Right, you guessed it. I was being ironic just then. Some people do that for a living. Me? I’m ironic in my spare time. Actually, it’s not merely a matter of personal whim. We’ve just taken on a marketing consultant recommended by our somewhat lackluster label, Loathsome Prick Records. I would tell you her name, but she told me her name must never be spoken. In any case, she – I will call her “Noname” … which rhymes with Edamame in my tiny mind – is going to help us “position” Big Green in the international indie music marketplace. That’s something our label tells us we need to do, like, RIGHT NOW.
Okay, so… part of that new positioning is that we should start being more ironic. I know what you’re going to say, and I am appalled… APPALLED that you would even think of such a thing! No, really… I know that we’ve been living, breathing, writing, playing, singing, exemplifying irony for more than two decades now. I know that our entire first album, 2000 Years To Christmas, and its follow-up, International House, were both frantic fits of festering irony. Trouble is, from a marketing perspective, none of that counts. It’s more about being seen to be ironic. “Noname” is insistent that we apply at least half of each waking hour working on ostentatious displays of irony.

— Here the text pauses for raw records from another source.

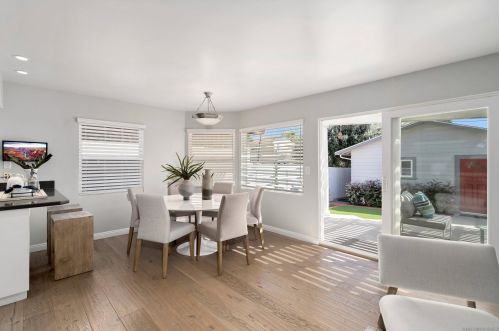 1151 Turquoise St, San Diego CA 92109-1247 exterior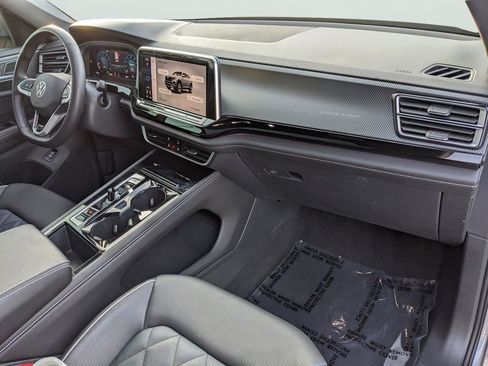 Used 2025 Volkswagen Atlas Cross Sport SEL Premium R-Line AWD/4WD image 12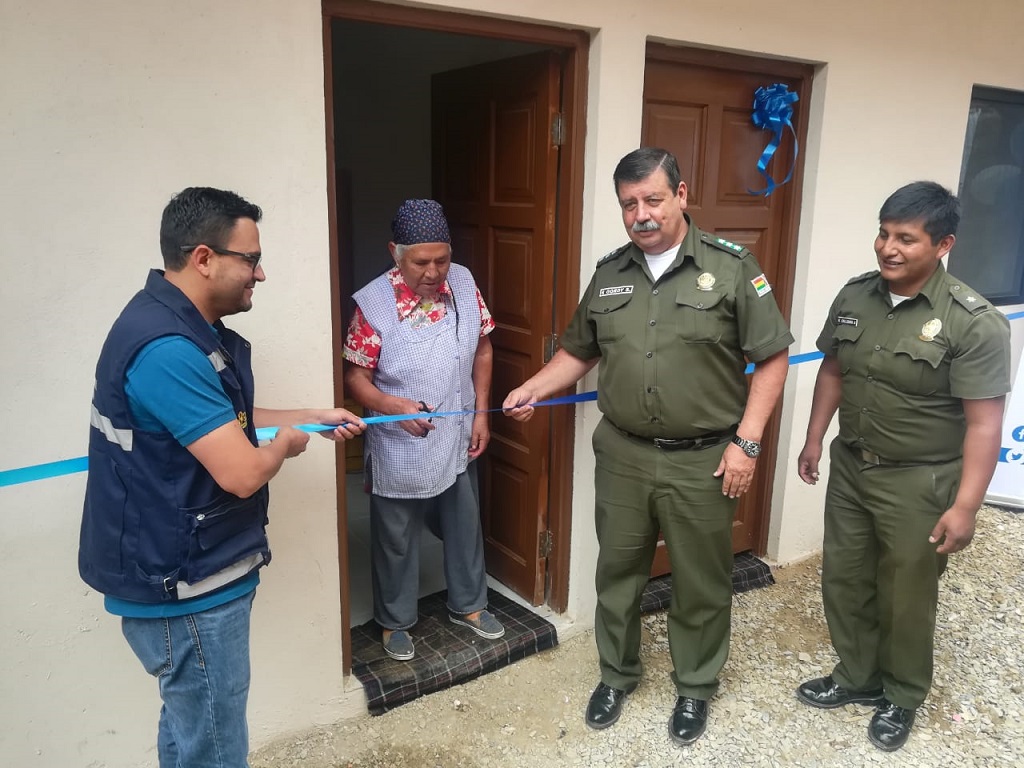 Policía Departamental junto a otras instituciones realizan la entrega de una vivienda a una familia de bajos recursos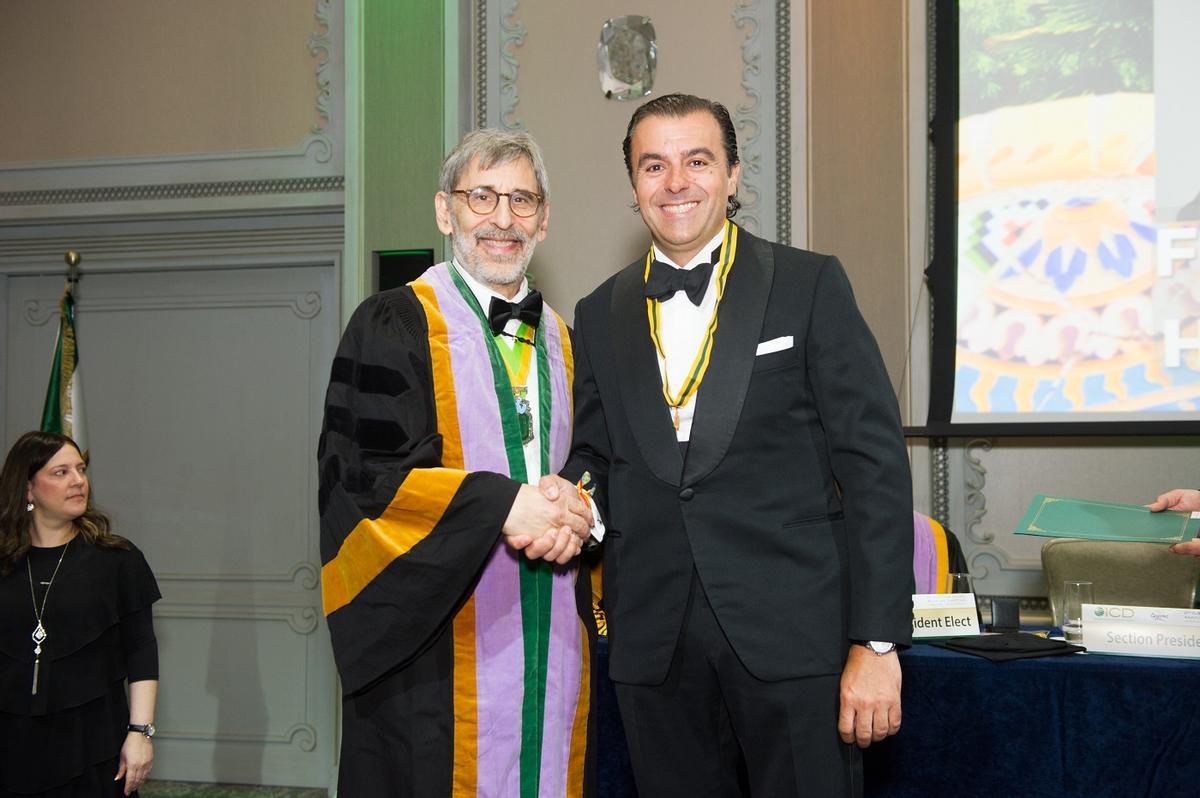 Francisco Javier Herrera Briones, tras ser admitido en el Colegio Internacional de Dentistas.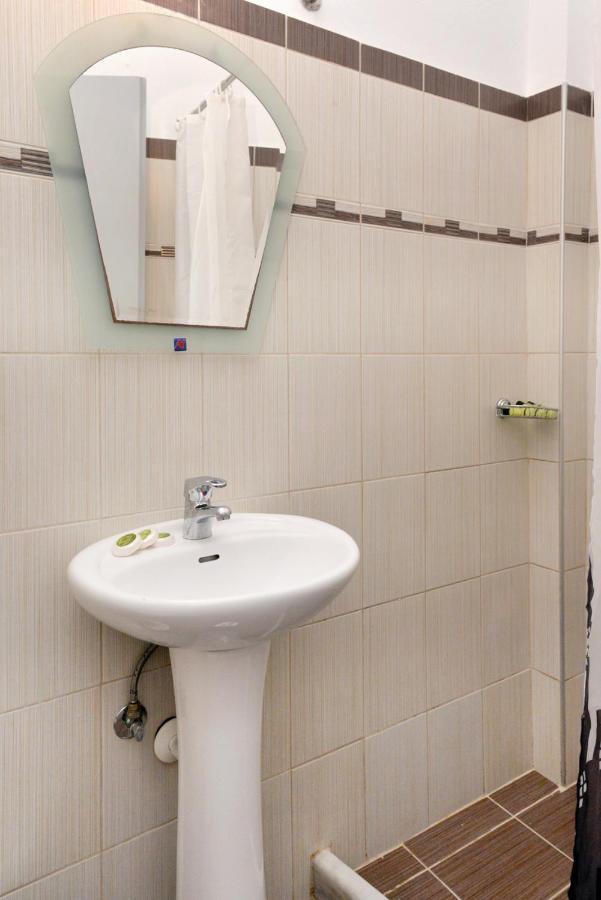 Hotel Villa Plaza Spetses Town Ngoại thất bức ảnh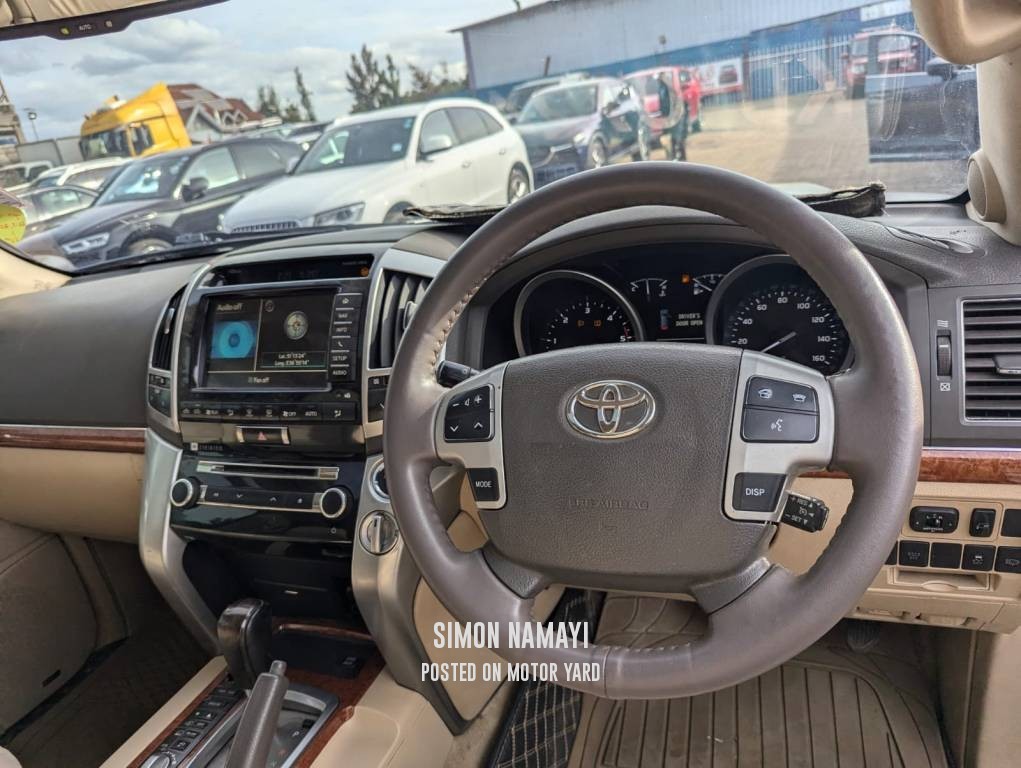 Toyota Land Cruiser 2015 White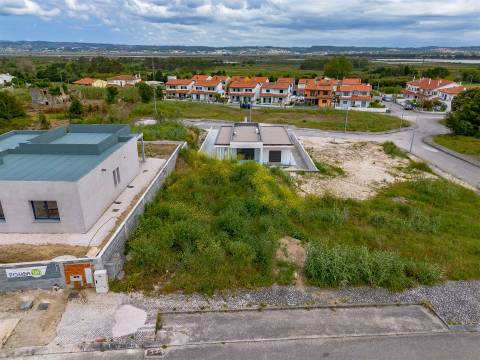 Lote de Terreno com 493m², para Construção de Moradia Unifamiliar!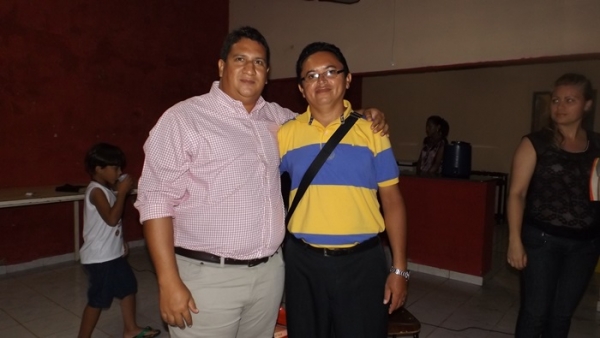 Prefeito assina lei que cria o dia do evangélico - Imagem 1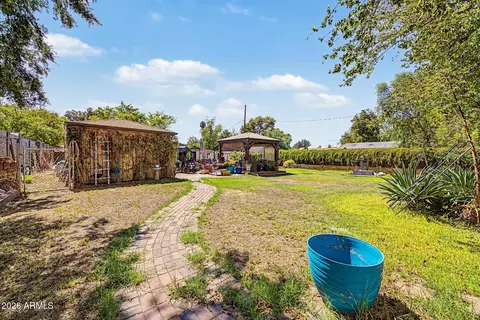 Exterior - 2216 W Augusta Ave, Phoenix, AZ 85021 photo 10 of 13
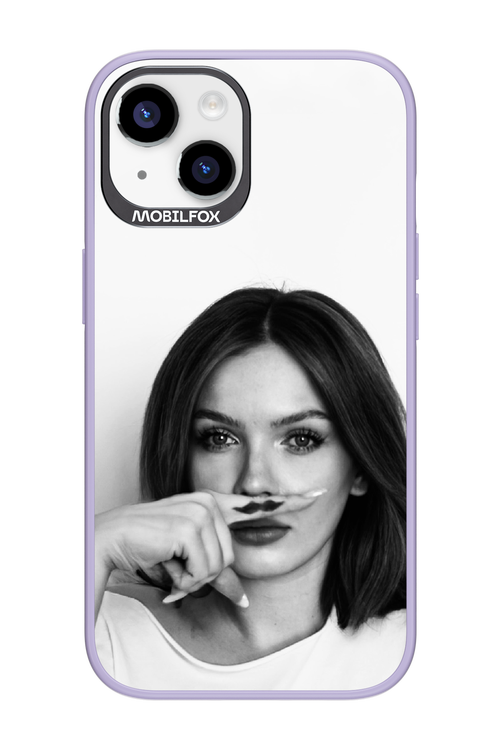 Soft Focus - Apple iPhone 14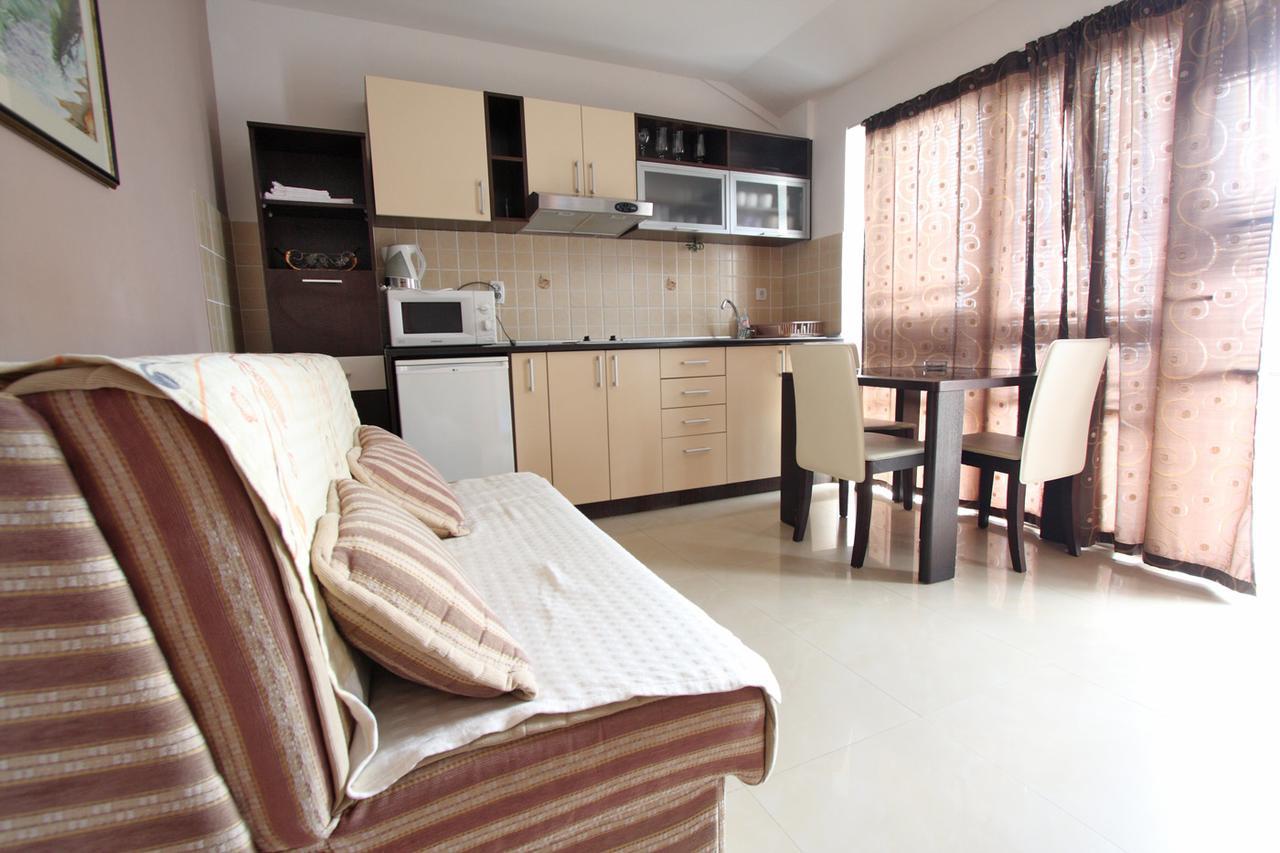 Apartmani Irena Petrovac Exterior foto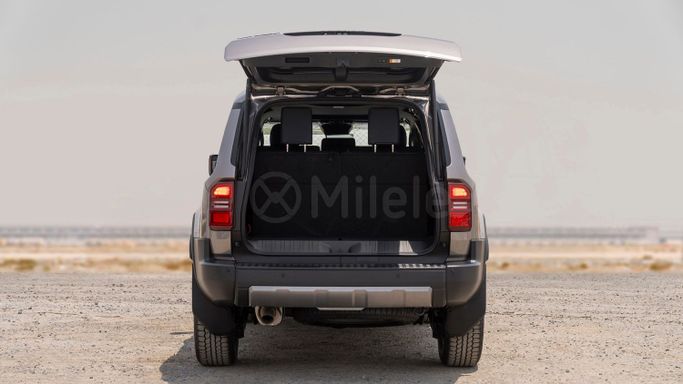 Новый Toyota Land Cruiser Prado 250 Series, 2.8 л, 2025 в Дубае от Milele Бронзовый цвет. Other | AUTO.AE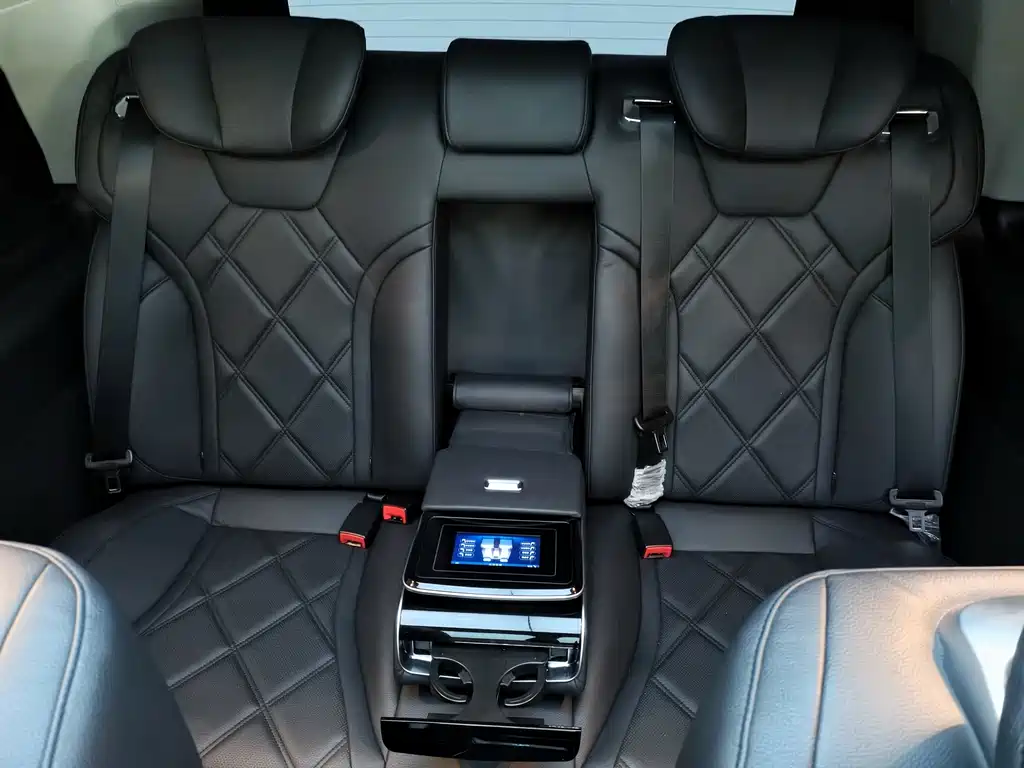 MERCEDES-BENZ V CLASS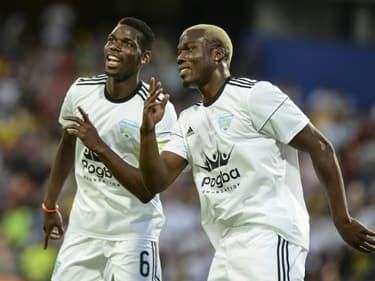 Mathias Pogba (à droite) célébrant un but avec son frère Paul (à gauche), le 25 juin 2017, lors d'un match caritatif en Colombie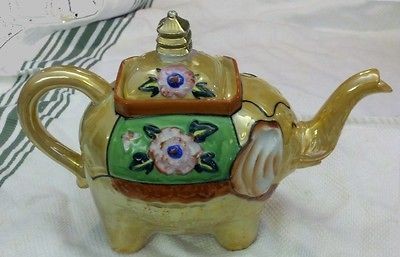   Japan Red Letter Lucky Elephant Teapot Tea Pot Lustre Vintag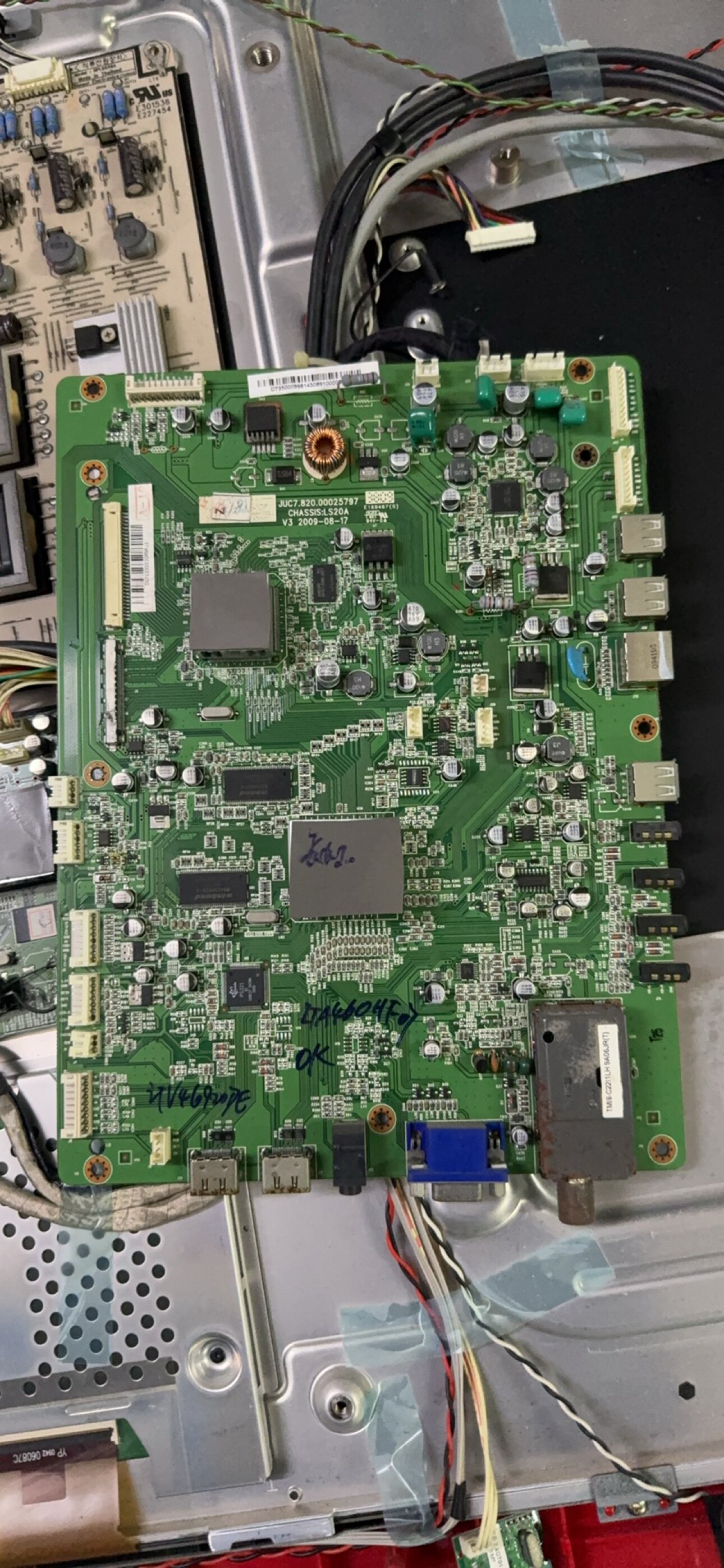 原装长虹 ITV46920DE LED55760D主板 JUC7.820.00025797 - 实物图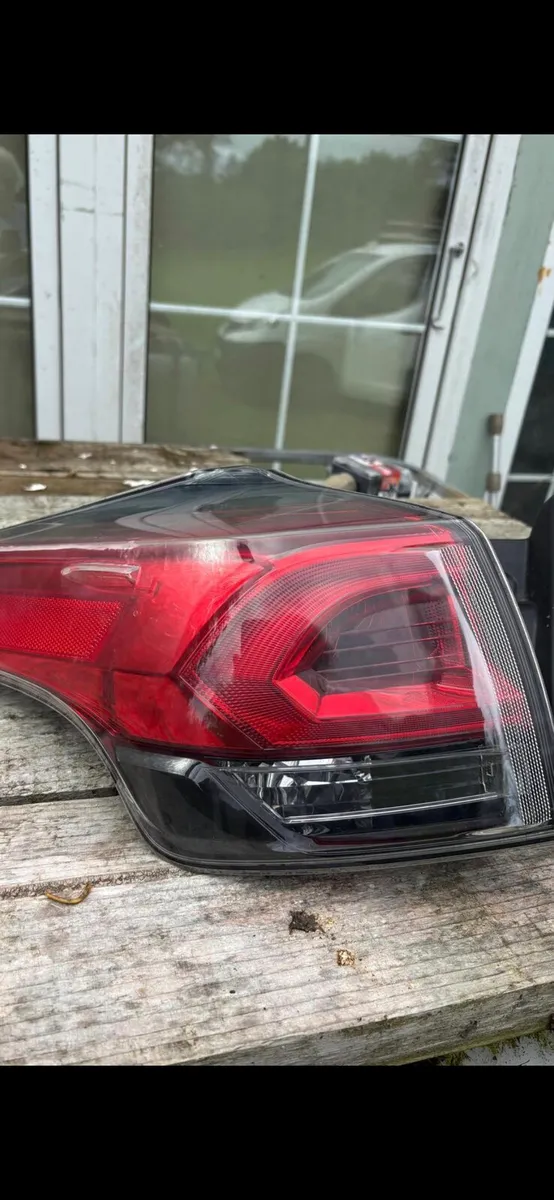 Toyota Rav4 tail light - Image 2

My response to that has been, well, typical for me. I put Marvin (my personal robot assistant) on the case. Never send a man to do what a personal robot assistant can do for him – that’s what I always say, without a hint of irony. I asked Mitch Macaphee to program some irony into his sorry ass, and Mitch obliged, punching numbers into his little hand-held remote, pointing it at Marvin and saying the magic words: Obey! Obey! Marvin wheeled out the door and into the streets of Little Falls, dodging shoppers on a mission to ironyland. Sure enough, when we went out to the grocery store for some day old bread, there was Marvin, in front of Magillicuddy’s Hardware, ringing a bell and wearing a Santa-style hat, an old paint bucket on the sidewalk in front of him. Was he raising money? God, no. He was demonstrating the absurdity of a world in which robots in Santa garb can panhandle out of season without even raising an eyebrow. In short, he was practicing… that’s right …. starts with an “i”.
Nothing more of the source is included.